- THE TASK
A line below contains "That's the pre-existing", and a later one contains "In this case". Repeat both, with every line between them, exactly.

- EXTRACTED DATA
+ + + + + + +

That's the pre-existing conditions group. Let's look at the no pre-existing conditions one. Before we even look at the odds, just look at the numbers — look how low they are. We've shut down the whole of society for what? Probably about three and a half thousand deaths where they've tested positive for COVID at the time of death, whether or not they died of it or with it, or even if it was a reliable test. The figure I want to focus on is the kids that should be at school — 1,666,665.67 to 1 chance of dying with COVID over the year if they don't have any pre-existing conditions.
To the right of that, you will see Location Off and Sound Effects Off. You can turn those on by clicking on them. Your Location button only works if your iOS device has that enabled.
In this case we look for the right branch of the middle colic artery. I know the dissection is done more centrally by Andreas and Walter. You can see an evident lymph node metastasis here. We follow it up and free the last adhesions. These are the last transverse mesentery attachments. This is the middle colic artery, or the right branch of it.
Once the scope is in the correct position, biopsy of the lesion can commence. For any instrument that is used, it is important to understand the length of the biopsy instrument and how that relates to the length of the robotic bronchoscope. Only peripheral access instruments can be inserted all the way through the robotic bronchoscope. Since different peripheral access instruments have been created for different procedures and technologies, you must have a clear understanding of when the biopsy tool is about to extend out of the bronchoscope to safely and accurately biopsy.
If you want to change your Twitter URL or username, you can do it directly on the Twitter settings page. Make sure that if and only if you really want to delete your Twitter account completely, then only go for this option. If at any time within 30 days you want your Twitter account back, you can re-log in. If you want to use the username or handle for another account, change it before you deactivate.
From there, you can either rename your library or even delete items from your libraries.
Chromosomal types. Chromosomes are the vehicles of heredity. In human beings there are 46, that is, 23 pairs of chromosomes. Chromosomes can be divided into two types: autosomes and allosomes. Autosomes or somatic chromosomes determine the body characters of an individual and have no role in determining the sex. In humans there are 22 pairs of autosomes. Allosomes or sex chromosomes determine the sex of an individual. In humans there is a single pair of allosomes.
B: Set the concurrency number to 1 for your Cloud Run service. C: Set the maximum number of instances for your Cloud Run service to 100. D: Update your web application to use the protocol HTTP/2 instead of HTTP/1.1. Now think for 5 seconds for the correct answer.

+ + + + + + +

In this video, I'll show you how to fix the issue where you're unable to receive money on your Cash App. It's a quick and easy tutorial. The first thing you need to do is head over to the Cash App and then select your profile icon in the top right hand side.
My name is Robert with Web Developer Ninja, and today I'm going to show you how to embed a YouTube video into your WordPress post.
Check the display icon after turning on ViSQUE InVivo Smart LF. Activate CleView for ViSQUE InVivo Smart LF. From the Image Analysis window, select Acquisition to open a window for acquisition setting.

+ + + + + + +

- EXERCISE RESULT
That's the pre-existing conditions group. Let's look at the no pre-existing conditions one. Before we even look at the odds, just look at the numbers — look how low they are. We've shut down the whole of society for what? Probably about three and a half thousand deaths where they've tested positive for COVID at the time of death, whether or not they died of it or with it, or even if it was a reliable test. The figure I want to focus on is the kids that should be at school — 1,666,665.67 to 1 chance of dying with COVID over the year if they don't have any pre-existing conditions.
To the right of that, you will see Location Off and Sound Effects Off. You can turn those on by clicking on them. Your Location button only works if your iOS device has that enabled.
In this case we look for the right branch of the middle colic artery. I know the dissection is done more centrally by Andreas and Walter. You can see an evident lymph node metastasis here. We follow it up and free the last adhesions. These are the last transverse mesentery attachments. This is the middle colic artery, or the right branch of it.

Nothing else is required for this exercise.